「渋さ健在」イコライザー2 REXさんの映画レビュー(感想・評価)
渋さ健在
大体この手の映画は続編になると国家相手になったりと急に敵が大きくなってしまうがそうはならず、マッコールがドライバーマッチングアプリの「Lyft(リフト)」で運転手稼業を営みながら世直しを続けている設定が、地に足着いていてとてもいい。
リフトならではのユーモアも。様々な人種や年齢の人間を乗せるマッコールの表情が変化に富んで一つの見所に。
女性を薬漬にしてレイプしたボンボンたちをぶちのめしたあとに、チャリーンとスマホに十数ドル入る場面が爽快。
これだけ善行して数千円かよ、って。
マッコールおじさん、読んでいる本が『シッダールタ』など人生の求道者じみてきたのに、一般人を再起不能なまでに叩きのめしちゃうやり過ぎなところが、また萌えます。

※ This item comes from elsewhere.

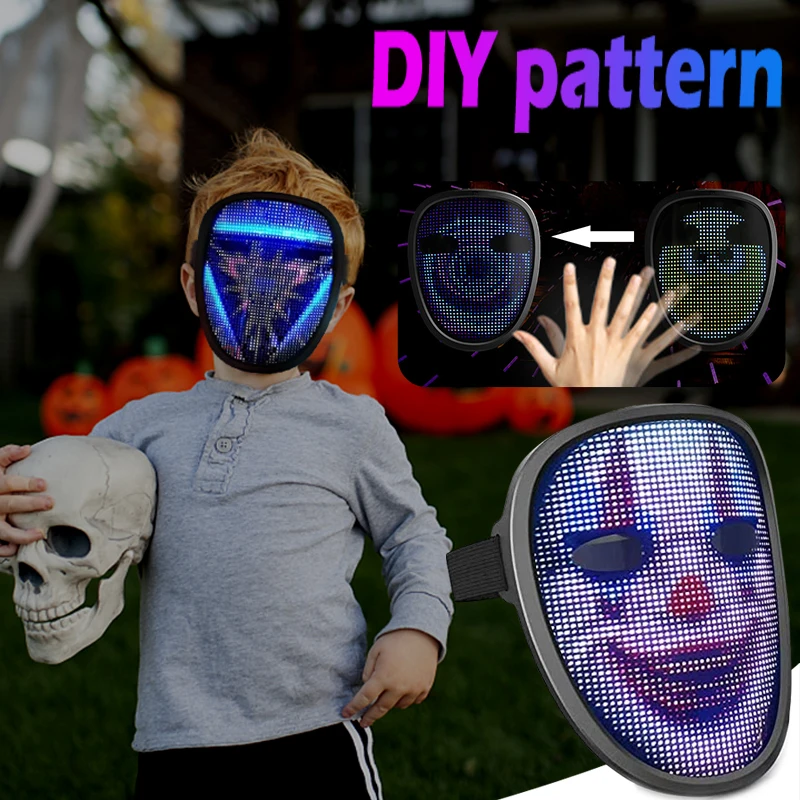 APP Control LED Programmable Mask For Kids Gesture Control Face-Changing Glowing Mask Picture Text Editing Mask Halloween Decor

相変わらずフークア監督の映像センスは抜群。セリフも渋めで少なめ、主人公も敵もごちゃごちゃ理屈めいてないのがいい。マッコールが殺人現場をプロファイルする場面が1にはなかった趣向。
また、世を儚んだ底辺の若者を鼓舞し、全うな道を歩かせるという話の軸は1を踏襲。
そのマイルズ君をストリートギャングから助けたときの理由を聞かれたときに「それはこれから探す」という返答がしびれる。
特に理由など無い…というときに格好つけて使ってみたい(笑)。
それにしても、命を賭して危険な任務を行ってきた仲間同士で殺し合うことに躊躇しないことそのものが、マッコールの人生の儚さと孤独が浮き彫りになった気がして少し切ない。
並べられたリンゴの数は何を意味するのだろうか。かつての仲間の数なのだろうか。